[Action item] Leave the images out. Give every line below again, precisely.

Short descriptive text snippets
- Opening Delimiter -

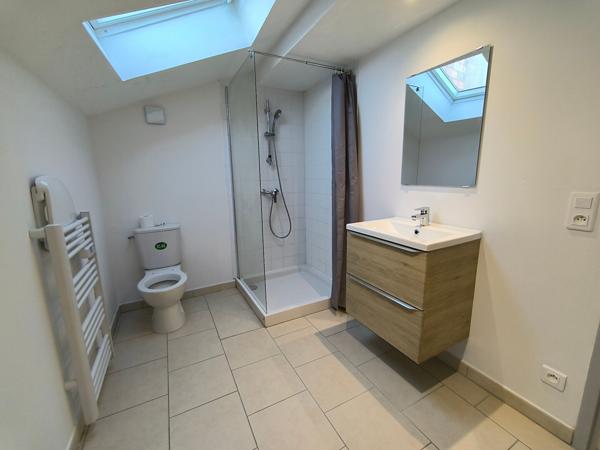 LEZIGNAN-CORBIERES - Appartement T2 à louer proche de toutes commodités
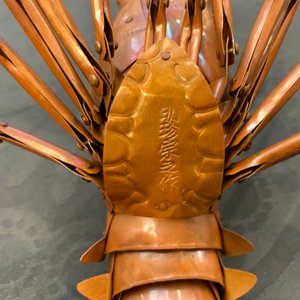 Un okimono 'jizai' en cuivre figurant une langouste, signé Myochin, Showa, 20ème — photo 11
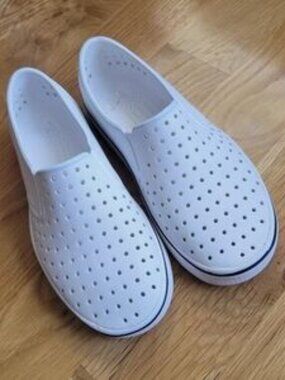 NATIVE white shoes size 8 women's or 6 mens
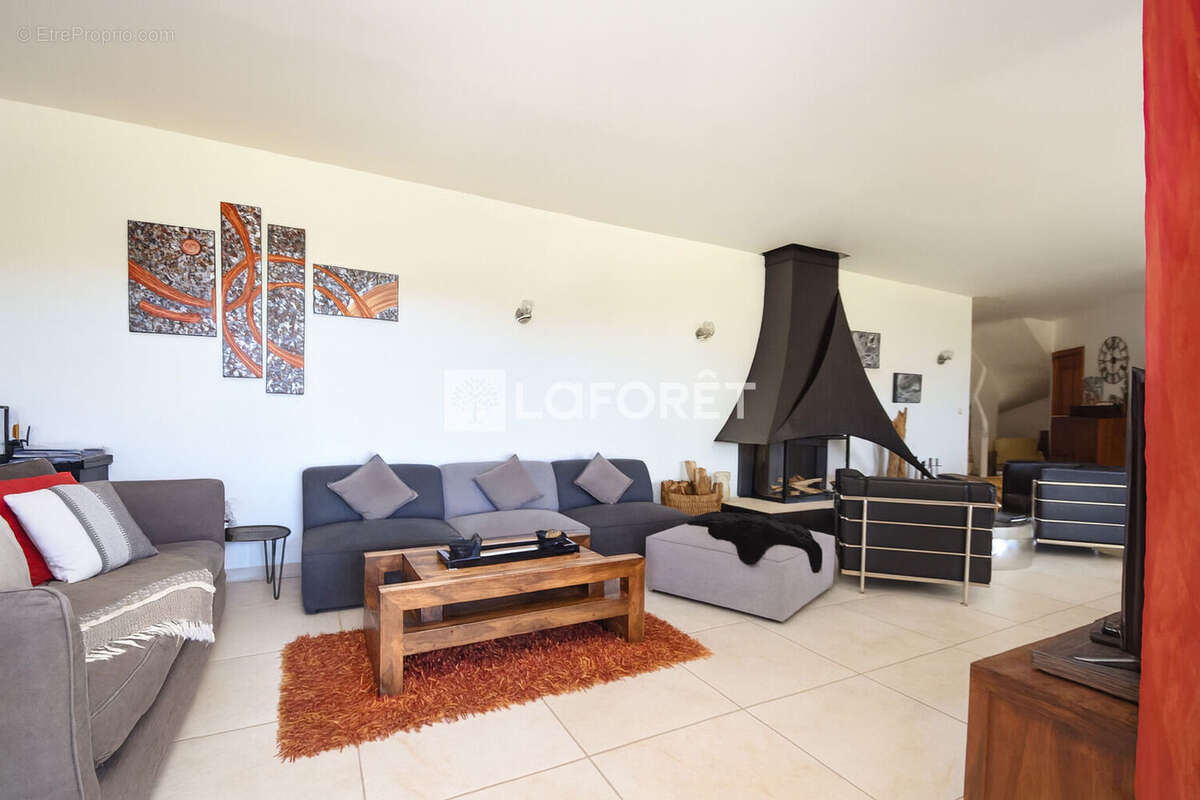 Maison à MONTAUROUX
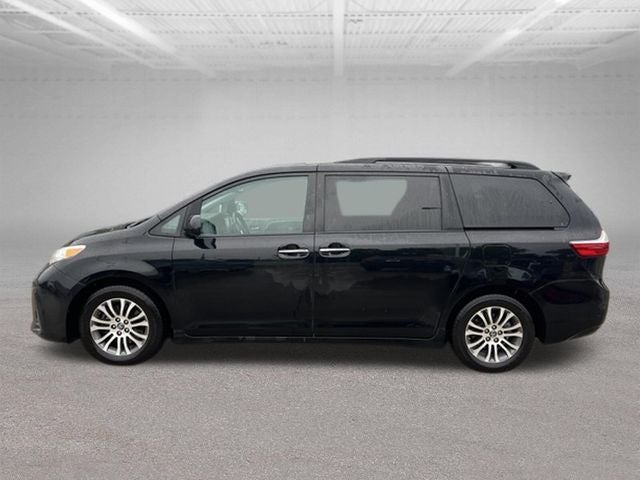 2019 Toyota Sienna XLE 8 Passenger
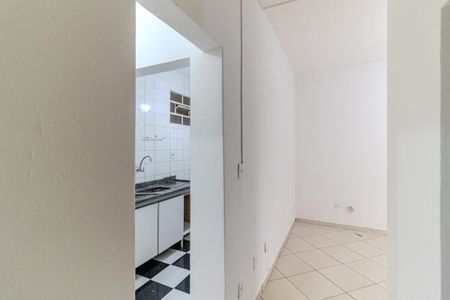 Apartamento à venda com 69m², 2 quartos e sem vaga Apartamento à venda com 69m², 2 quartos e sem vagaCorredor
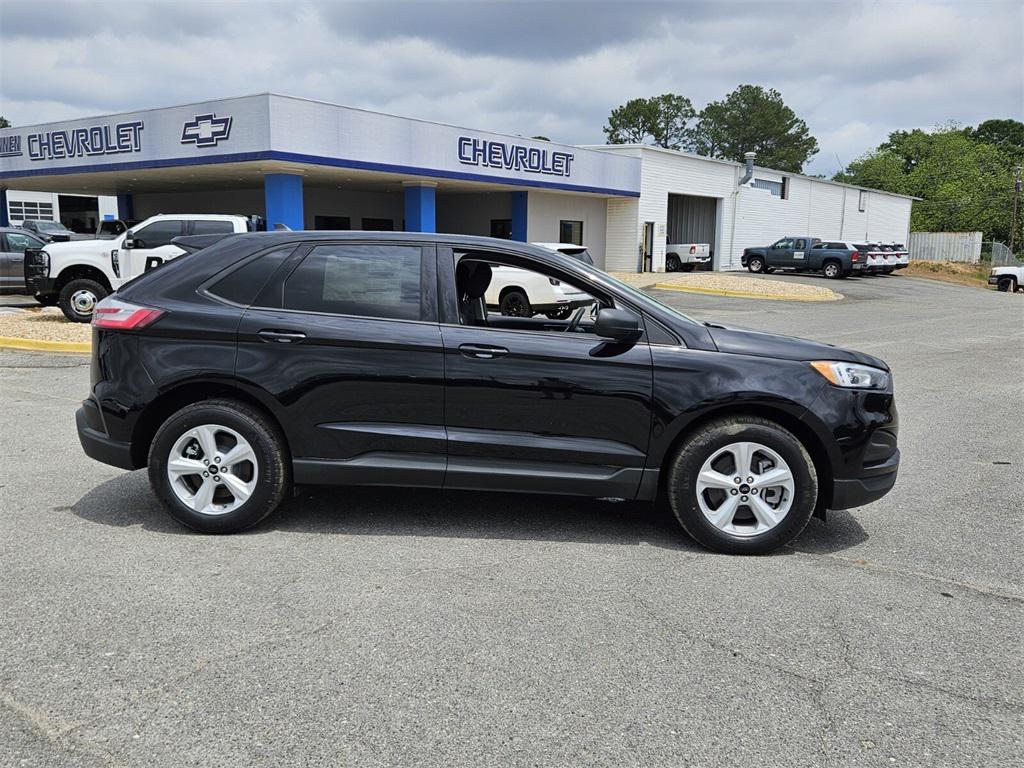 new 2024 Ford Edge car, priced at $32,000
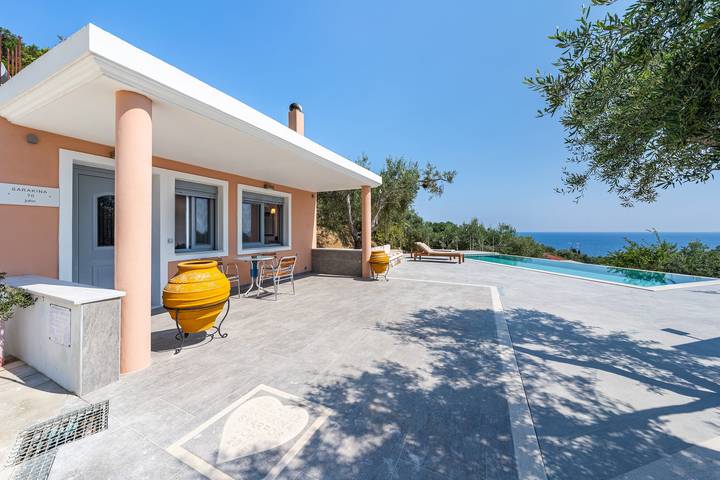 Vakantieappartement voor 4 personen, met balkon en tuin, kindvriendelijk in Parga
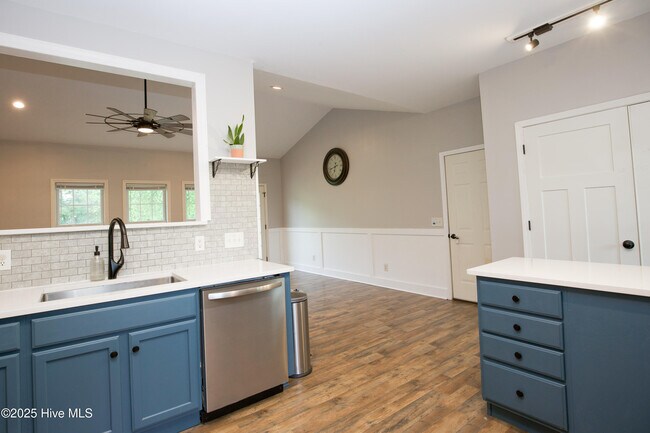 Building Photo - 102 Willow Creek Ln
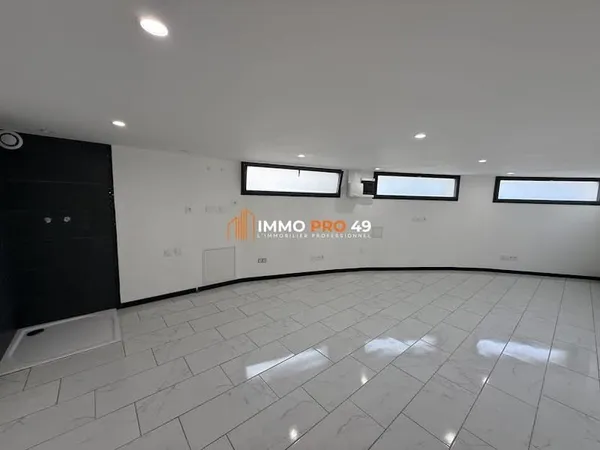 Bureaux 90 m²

- Closing Delimiter -

[Exercise result]
 LEZIGNAN-CORBIERES - Appartement T2 à louer proche de toutes commodités
 Un okimono 'jizai' en cuivre figurant une langouste, signé Myochin, Showa, 20ème — photo 11
 NATIVE white shoes size 8 women's or 6 mens
 Maison à MONTAUROUX
 2019 Toyota Sienna XLE 8 Passenger
 Apartamento à venda com 69m², 2 quartos e sem vaga Apartamento à venda com 69m², 2 quartos e sem vagaCorredor
 new 2024 Ford Edge car, priced at $32,000
 Vakantieappartement voor 4 personen, met balkon en tuin, kindvriendelijk in Parga
 Building Photo - 102 Willow Creek Ln
 Bureaux 90 m²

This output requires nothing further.